◆ **The input**

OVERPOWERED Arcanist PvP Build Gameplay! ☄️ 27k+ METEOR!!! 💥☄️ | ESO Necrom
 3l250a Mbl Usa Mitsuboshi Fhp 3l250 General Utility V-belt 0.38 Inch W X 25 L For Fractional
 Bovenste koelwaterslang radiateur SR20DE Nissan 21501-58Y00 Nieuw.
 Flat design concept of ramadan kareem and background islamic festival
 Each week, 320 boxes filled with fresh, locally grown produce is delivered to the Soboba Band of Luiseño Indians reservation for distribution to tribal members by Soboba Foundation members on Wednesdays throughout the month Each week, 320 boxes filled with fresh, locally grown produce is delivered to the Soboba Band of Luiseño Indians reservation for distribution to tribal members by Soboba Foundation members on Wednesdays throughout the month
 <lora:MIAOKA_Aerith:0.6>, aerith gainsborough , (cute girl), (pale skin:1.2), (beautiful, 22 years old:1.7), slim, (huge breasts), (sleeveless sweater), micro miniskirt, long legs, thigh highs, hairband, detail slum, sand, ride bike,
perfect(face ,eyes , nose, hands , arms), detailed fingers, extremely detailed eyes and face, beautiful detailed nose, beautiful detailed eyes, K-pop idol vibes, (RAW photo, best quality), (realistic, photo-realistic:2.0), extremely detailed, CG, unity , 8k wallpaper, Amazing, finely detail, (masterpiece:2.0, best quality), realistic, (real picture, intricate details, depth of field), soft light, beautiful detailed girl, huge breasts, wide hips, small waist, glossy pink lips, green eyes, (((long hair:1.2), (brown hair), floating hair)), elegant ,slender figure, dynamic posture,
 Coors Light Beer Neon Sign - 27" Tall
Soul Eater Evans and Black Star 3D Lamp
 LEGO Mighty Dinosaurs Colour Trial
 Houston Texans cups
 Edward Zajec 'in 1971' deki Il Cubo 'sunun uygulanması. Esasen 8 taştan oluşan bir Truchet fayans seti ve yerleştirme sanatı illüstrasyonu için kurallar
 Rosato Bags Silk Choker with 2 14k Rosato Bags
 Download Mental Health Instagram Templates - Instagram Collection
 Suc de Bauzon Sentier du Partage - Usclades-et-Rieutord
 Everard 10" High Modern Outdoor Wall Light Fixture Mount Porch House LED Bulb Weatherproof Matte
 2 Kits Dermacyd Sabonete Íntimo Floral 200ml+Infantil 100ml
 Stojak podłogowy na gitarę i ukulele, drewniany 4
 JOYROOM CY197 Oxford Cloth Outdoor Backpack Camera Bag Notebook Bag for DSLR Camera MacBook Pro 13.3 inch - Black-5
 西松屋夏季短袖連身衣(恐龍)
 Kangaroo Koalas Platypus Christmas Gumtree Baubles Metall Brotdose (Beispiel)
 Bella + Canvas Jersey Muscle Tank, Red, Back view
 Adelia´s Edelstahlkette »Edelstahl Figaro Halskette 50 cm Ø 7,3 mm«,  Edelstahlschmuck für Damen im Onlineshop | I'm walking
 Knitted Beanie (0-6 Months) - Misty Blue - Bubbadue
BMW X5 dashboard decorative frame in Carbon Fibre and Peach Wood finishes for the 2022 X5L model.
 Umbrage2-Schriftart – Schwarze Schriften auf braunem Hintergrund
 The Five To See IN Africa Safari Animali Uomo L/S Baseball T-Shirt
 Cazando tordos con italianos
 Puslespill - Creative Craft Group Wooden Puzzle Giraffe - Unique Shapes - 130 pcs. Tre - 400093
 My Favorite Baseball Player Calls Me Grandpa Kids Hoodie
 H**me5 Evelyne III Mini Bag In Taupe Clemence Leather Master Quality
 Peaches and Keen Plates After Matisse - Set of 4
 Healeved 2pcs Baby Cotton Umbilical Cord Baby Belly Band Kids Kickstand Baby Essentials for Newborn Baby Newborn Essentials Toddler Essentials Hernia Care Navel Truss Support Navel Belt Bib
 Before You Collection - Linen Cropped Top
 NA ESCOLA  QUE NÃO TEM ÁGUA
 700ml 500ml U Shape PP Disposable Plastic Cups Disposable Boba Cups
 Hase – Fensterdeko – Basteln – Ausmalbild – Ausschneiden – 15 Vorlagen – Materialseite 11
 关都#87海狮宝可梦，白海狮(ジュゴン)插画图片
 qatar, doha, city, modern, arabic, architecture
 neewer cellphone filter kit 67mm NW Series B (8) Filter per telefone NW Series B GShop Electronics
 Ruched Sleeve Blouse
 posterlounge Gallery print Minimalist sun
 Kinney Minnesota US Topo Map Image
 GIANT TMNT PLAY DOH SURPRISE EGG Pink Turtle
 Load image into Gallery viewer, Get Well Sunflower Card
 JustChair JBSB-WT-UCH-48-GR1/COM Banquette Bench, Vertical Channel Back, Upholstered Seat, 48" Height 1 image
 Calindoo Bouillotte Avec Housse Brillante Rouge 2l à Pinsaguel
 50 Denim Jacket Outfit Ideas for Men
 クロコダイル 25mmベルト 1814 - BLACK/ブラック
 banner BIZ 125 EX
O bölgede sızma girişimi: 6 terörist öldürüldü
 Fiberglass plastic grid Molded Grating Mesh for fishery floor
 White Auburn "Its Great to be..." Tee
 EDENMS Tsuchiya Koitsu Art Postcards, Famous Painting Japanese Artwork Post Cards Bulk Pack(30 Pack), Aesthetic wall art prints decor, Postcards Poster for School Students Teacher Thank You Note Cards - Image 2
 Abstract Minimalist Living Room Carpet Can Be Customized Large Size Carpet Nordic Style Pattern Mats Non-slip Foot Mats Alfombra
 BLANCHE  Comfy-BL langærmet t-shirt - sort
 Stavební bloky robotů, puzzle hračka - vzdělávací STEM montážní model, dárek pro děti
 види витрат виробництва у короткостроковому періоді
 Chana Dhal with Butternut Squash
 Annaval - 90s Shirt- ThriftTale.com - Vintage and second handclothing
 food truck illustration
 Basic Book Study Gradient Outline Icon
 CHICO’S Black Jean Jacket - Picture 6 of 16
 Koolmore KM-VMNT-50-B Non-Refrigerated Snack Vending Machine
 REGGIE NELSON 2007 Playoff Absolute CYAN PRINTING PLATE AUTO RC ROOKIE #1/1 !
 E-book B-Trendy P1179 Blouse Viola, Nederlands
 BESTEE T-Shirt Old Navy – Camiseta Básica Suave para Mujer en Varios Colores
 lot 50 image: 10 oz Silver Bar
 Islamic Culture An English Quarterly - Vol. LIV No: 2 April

◆ **Exercise description**
Every record above is to be transcribed exactly as written.

◆ **Exercise response**
OVERPOWERED Arcanist PvP Build Gameplay! ☄️ 27k+ METEOR!!! 💥☄️ | ESO Necrom
 3l250a Mbl Usa Mitsuboshi Fhp 3l250 General Utility V-belt 0.38 Inch W X 25 L For Fractional
 Bovenste koelwaterslang radiateur SR20DE Nissan 21501-58Y00 Nieuw.
 Flat design concept of ramadan kareem and background islamic festival
 Each week, 320 boxes filled with fresh, locally grown produce is delivered to the Soboba Band of Luiseño Indians reservation for distribution to tribal members by Soboba Foundation members on Wednesdays throughout the month Each week, 320 boxes filled with fresh, locally grown produce is delivered to the Soboba Band of Luiseño Indians reservation for distribution to tribal members by Soboba Foundation members on Wednesdays throughout the month
 <lora:MIAOKA_Aerith:0.6>, aerith gainsborough , (cute girl), (pale skin:1.2), (beautiful, 22 years old:1.7), slim, (huge breasts), (sleeveless sweater), micro miniskirt, long legs, thigh highs, hairband, detail slum, sand, ride bike,
perfect(face ,eyes , nose, hands , arms), detailed fingers, extremely detailed eyes and face, beautiful detailed nose, beautiful detailed eyes, K-pop idol vibes, (RAW photo, best quality), (realistic, photo-realistic:2.0), extremely detailed, CG, unity , 8k wallpaper, Amazing, finely detail, (masterpiece:2.0, best quality), realistic, (real picture, intricate details, depth of field), soft light, beautiful detailed girl, huge breasts, wide hips, small waist, glossy pink lips, green eyes, (((long hair:1.2), (brown hair), floating hair)), elegant ,slender figure, dynamic posture,
 Coors Light Beer Neon Sign - 27" Tall
Soul Eater Evans and Black Star 3D Lamp
 LEGO Mighty Dinosaurs Colour Trial
 Houston Texans cups
 Edward Zajec 'in 1971' deki Il Cubo 'sunun uygulanması. Esasen 8 taştan oluşan bir Truchet fayans seti ve yerleştirme sanatı illüstrasyonu için kurallar
 Rosato Bags Silk Choker with 2 14k Rosato Bags
 Download Mental Health Instagram Templates - Instagram Collection
 Suc de Bauzon Sentier du Partage - Usclades-et-Rieutord
 Everard 10" High Modern Outdoor Wall Light Fixture Mount Porch House LED Bulb Weatherproof Matte
 2 Kits Dermacyd Sabonete Íntimo Floral 200ml+Infantil 100ml
 Stojak podłogowy na gitarę i ukulele, drewniany 4
 JOYROOM CY197 Oxford Cloth Outdoor Backpack Camera Bag Notebook Bag for DSLR Camera MacBook Pro 13.3 inch - Black-5
 西松屋夏季短袖連身衣(恐龍)
 Kangaroo Koalas Platypus Christmas Gumtree Baubles Metall Brotdose (Beispiel)
 Bella + Canvas Jersey Muscle Tank, Red, Back view
 Adelia´s Edelstahlkette »Edelstahl Figaro Halskette 50 cm Ø 7,3 mm«,  Edelstahlschmuck für Damen im Onlineshop | I'm walking
 Knitted Beanie (0-6 Months) - Misty Blue - Bubbadue
BMW X5 dashboard decorative frame in Carbon Fibre and Peach Wood finishes for the 2022 X5L model.
 Umbrage2-Schriftart – Schwarze Schriften auf braunem Hintergrund
 The Five To See IN Africa Safari Animali Uomo L/S Baseball T-Shirt
 Cazando tordos con italianos
 Puslespill - Creative Craft Group Wooden Puzzle Giraffe - Unique Shapes - 130 pcs. Tre - 400093
 My Favorite Baseball Player Calls Me Grandpa Kids Hoodie
 H**me5 Evelyne III Mini Bag In Taupe Clemence Leather Master Quality
 Peaches and Keen Plates After Matisse - Set of 4
 Healeved 2pcs Baby Cotton Umbilical Cord Baby Belly Band Kids Kickstand Baby Essentials for Newborn Baby Newborn Essentials Toddler Essentials Hernia Care Navel Truss Support Navel Belt Bib
 Before You Collection - Linen Cropped Top
 NA ESCOLA  QUE NÃO TEM ÁGUA
 700ml 500ml U Shape PP Disposable Plastic Cups Disposable Boba Cups
 Hase – Fensterdeko – Basteln – Ausmalbild – Ausschneiden – 15 Vorlagen – Materialseite 11
 关都#87海狮宝可梦，白海狮(ジュゴン)插画图片
 qatar, doha, city, modern, arabic, architecture
 neewer cellphone filter kit 67mm NW Series B (8) Filter per telefone NW Series B GShop Electronics
 Ruched Sleeve Blouse
 posterlounge Gallery print Minimalist sun
 Kinney Minnesota US Topo Map Image
 GIANT TMNT PLAY DOH SURPRISE EGG Pink Turtle
 Load image into Gallery viewer, Get Well Sunflower Card
 JustChair JBSB-WT-UCH-48-GR1/COM Banquette Bench, Vertical Channel Back, Upholstered Seat, 48" Height 1 image
 Calindoo Bouillotte Avec Housse Brillante Rouge 2l à Pinsaguel
 50 Denim Jacket Outfit Ideas for Men
 クロコダイル 25mmベルト 1814 - BLACK/ブラック
 banner BIZ 125 EX
O bölgede sızma girişimi: 6 terörist öldürüldü
 Fiberglass plastic grid Molded Grating Mesh for fishery floor
 White Auburn "Its Great to be..." Tee
 EDENMS Tsuchiya Koitsu Art Postcards, Famous Painting Japanese Artwork Post Cards Bulk Pack(30 Pack), Aesthetic wall art prints decor, Postcards Poster for School Students Teacher Thank You Note Cards - Image 2
 Abstract Minimalist Living Room Carpet Can Be Customized Large Size Carpet Nordic Style Pattern Mats Non-slip Foot Mats Alfombra
 BLANCHE  Comfy-BL langærmet t-shirt - sort
 Stavební bloky robotů, puzzle hračka - vzdělávací STEM montážní model, dárek pro děti
 види витрат виробництва у короткостроковому періоді
 Chana Dhal with Butternut Squash
 Annaval - 90s Shirt- ThriftTale.com - Vintage and second handclothing
 food truck illustration
 Basic Book Study Gradient Outline Icon
 CHICO’S Black Jean Jacket - Picture 6 of 16
 Koolmore KM-VMNT-50-B Non-Refrigerated Snack Vending Machine
 REGGIE NELSON 2007 Playoff Absolute CYAN PRINTING PLATE AUTO RC ROOKIE #1/1 !
 E-book B-Trendy P1179 Blouse Viola, Nederlands
 BESTEE T-Shirt Old Navy – Camiseta Básica Suave para Mujer en Varios Colores
 lot 50 image: 10 oz Silver Bar
 Islamic Culture An English Quarterly - Vol. LIV No: 2 April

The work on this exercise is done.